China To Cut Tariffs On Pork And Technology From List Worth $389 Billion

China is ready to cut import tariffs on a wide range of goods including food and parts for manufacturing smart-phones, continuing Beijing’s drive to spur domestic demand and demonstrating its desire to open its economy as it pursues a trade deal with President Donald Trump.

On Monday, the Ministry of Finance in China published a list of 859 types of products that will enjoy tariffs lower than the standard rates for this year. Frozen pork was included as a key item aimed at alleviating shortages of the meat due to the outbreak of African swine fever. According to some calculations made by Bloomberg, in 2018 imports of the listed items totalled $389 billion, which was about 18% of China’s total imports of $2.14 trillion.

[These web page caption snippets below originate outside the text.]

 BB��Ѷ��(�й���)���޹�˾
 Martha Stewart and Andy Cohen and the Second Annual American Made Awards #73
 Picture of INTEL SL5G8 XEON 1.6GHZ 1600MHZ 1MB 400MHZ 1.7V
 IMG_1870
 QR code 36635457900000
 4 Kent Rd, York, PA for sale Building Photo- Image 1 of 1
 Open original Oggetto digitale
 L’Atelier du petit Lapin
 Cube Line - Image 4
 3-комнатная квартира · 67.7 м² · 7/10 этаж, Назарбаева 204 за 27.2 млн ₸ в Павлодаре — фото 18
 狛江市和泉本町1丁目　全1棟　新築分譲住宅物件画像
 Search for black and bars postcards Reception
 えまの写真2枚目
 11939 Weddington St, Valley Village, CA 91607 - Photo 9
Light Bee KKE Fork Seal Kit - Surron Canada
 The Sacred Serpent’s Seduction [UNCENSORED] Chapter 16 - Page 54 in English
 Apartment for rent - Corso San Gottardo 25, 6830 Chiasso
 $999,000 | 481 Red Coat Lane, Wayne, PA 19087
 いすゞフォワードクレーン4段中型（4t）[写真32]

Even though the move is not directly related to the United States-China trade war, it gives an impression that the government is willing to embrace commerce more. A few weeks ago, there were reports that economic growth is seen slowing next year to 6% or below; for this reason, officials are interested in lowering the cost of imported consumer goods. Over the weekend, the government released further measures to shore up the private sector, including opening previously closed industries to non-state investors.

Gary Ng, an economist at Natixis in Hong Kong said, “The move in lowering import tariffs reflects that the government wants to reaffirm its stance to the world on freer trade amid the trade war. Domestically, lowering import tariffs are helpful in reducing business and consumer costs.”

It has been reported that since two years ago, China has been cutting import tariffs on consumer goods including wine, baby products, whiskey and seafood, items that remain on the expanded list for 2020. Drugs for treating asthma and diabetes have also been added to the list. Smart-phone camera sensors, glass used in liquid crystal displays and organic light-emitting diode (OLED) screens found in high-end TVs and smart-phones, and semiconductor testing and sorting equipment are also included in the list.

According to the statement issued by the ministry, the list allows lower tariffs on goods coming from World Trade Organization members. For countries with which China has free-trade agreements, duties can still be made  lower. These countries include New Zealand, Peru, Costa Rica, Switzerland, Iceland, Singapore, Australia, South Korea, Georgia, Chile and Pakistan. The statement further said that the tariff reduction is a measure that is been taken to facilitate the open economy to a new level.

According to a report by Bloomberg, this year, China’s import growth has stalled even with the broader slowdown in the economy, thus helping to boost the trade surplus. As part of the phase, one trade deal agreed with The United States this month, the nation has committed to ramping up purchases from there by as much as $200 billion over the next two years.